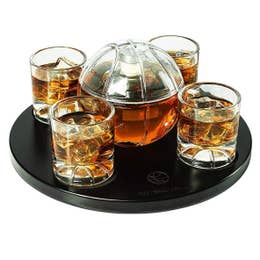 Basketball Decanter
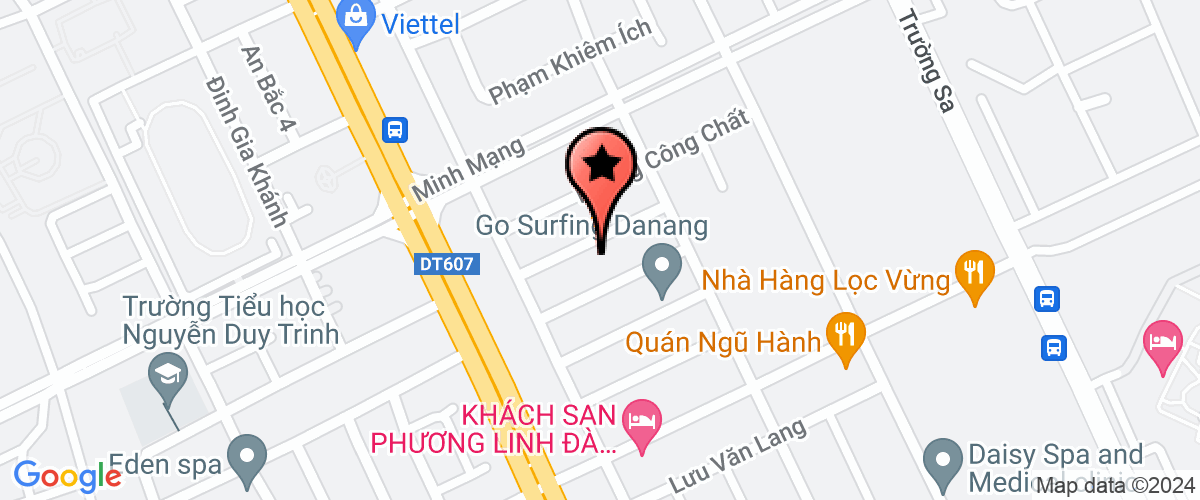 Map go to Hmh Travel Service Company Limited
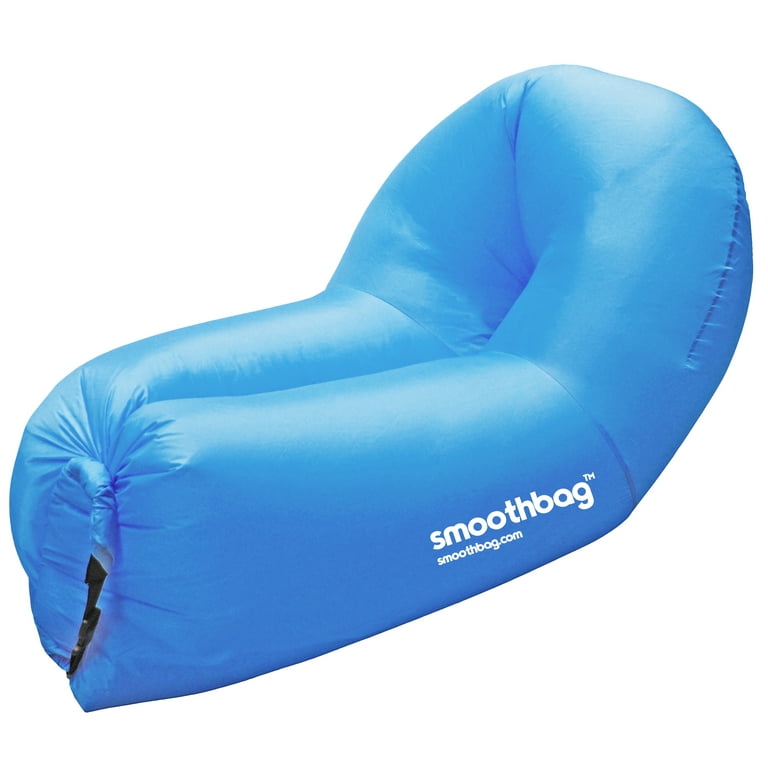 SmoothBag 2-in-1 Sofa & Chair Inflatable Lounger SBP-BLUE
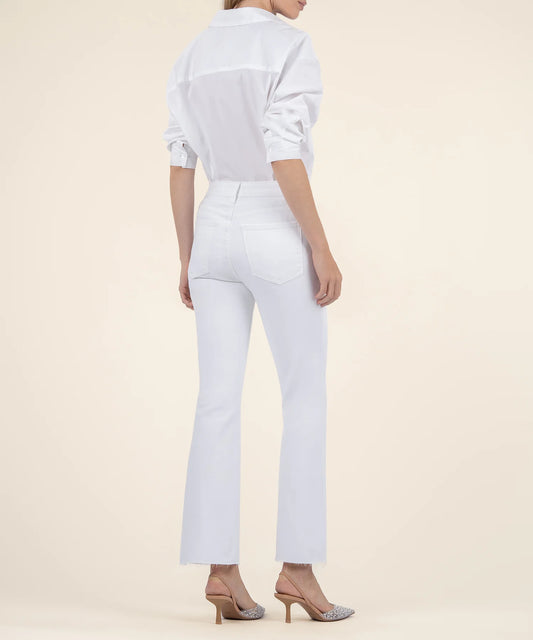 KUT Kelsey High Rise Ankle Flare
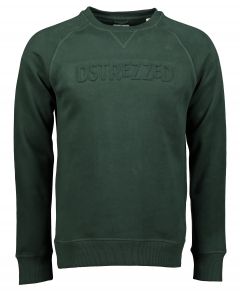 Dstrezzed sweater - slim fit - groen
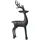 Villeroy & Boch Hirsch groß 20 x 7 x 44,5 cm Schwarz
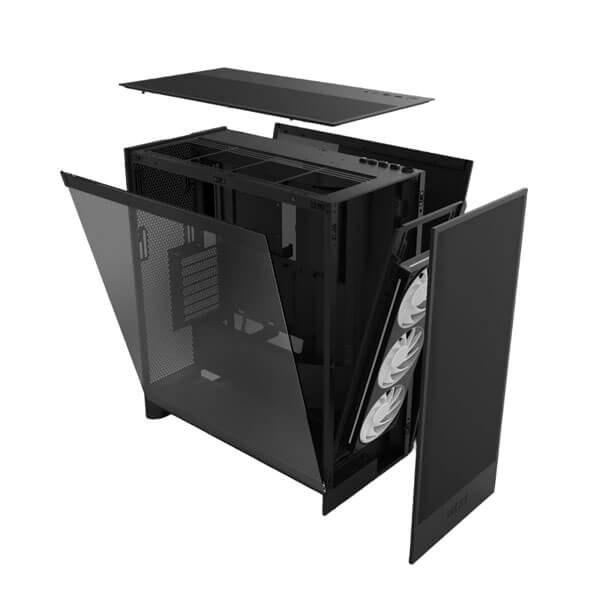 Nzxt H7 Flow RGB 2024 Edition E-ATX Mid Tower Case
* * * * * * *
What to work on
Give the listing again word for word, without its images.

Reply
 Basketball Decanter
 Map go to Hmh Travel Service Company Limited
 SmoothBag 2-in-1 Sofa & Chair Inflatable Lounger SBP-BLUE
 KUT Kelsey High Rise Ankle Flare
 Dstrezzed sweater - slim fit - groen
 Villeroy & Boch Hirsch groß 20 x 7 x 44,5 cm Schwarz
 Nzxt H7 Flow RGB 2024 Edition E-ATX Mid Tower Case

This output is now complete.